Why, may I ask? I mean, you can adjust pretty much all collars so they don't come off over the ears, but don't chafe the skin around the neck.


----------



## iturnrocks (Nov 20, 2006)

years ago, I "borrowed" a cat I saw walking the streets.  Kept it for a few days, then took it back to where I found it.  I was able to get over the idea that I wanted a cat.

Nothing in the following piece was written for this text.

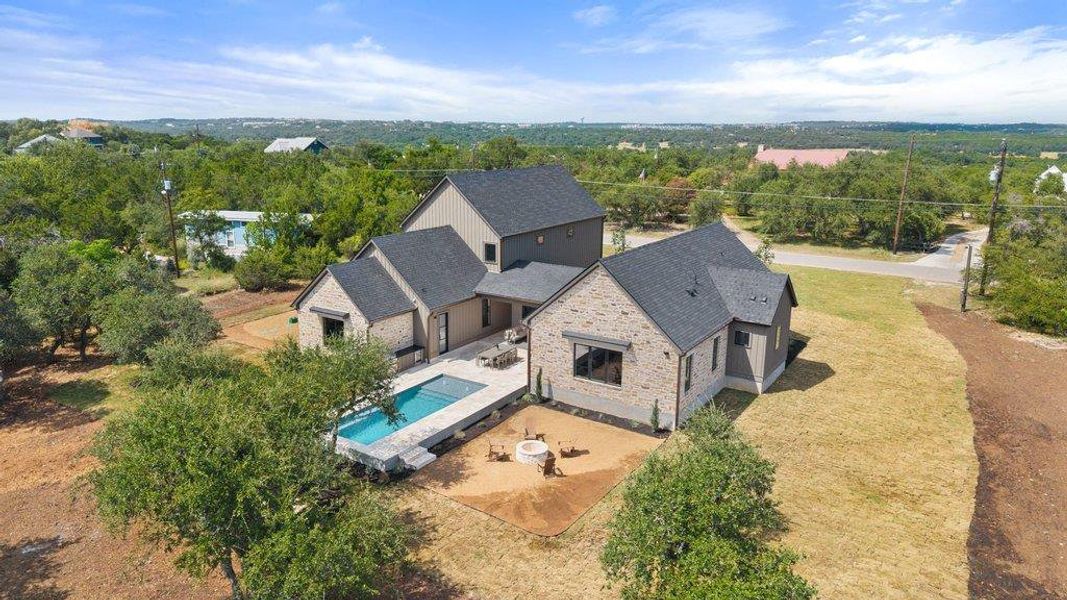 An inviting swimming pool and fire pit area complement this charming modern farmhouse, offering serene outdoor living.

As for taking the cat with you when you move.  Although it may be illegal, its one of those laws that cant really be enforced unless the owner could find where you moved to and prove that it is her cat.  I dont think my family could ever prove ownership of a cat weve had.  They are all farm cats, and pretty much just wander around.  If someone were to take one, we would just figure a wild animal got it or something.  I would think the only way this lady could prove ownership would be with a veterinary history.  But then she would have to first know who took it, and Im sure cat theft is really high on the police departments to do list.


----------



## Socrates (Nov 20, 2006)

thisgal said:


> Why, may I ask? I mean, you can adjust pretty much all collars so they don't come off over the ears, but don't chafe the skin around the neck.



thisgal, it's just my own personal opinion on the matter, that's all.  I can try and explain why I started feeling like this - or at least I'll try:

When I was a teenager I worked with my vet in Germany.  The first time I saw an embedded collar I became nauseous.   

I've seen countless dogs whose owners just don't realize their dogs' collars are obviously too tight because when the collar is removed there's no skin in many places.  On long-haired dogs I've seen badly mangled hair due to an improper fit. 

My best friend's Doberman (who wears his collar 24/7) became entangled in some sort of electrical cord with his collar while she was running errands, and when she found him he was barely alive.  

I don't question those folks who opt to keep the collars on their pets 24/7, but I don't follow that practice and have never had a problem. (knock on wood).  

I should add here that when I trained my dogs, they wore a collar on a regular basis - for training purposes only though.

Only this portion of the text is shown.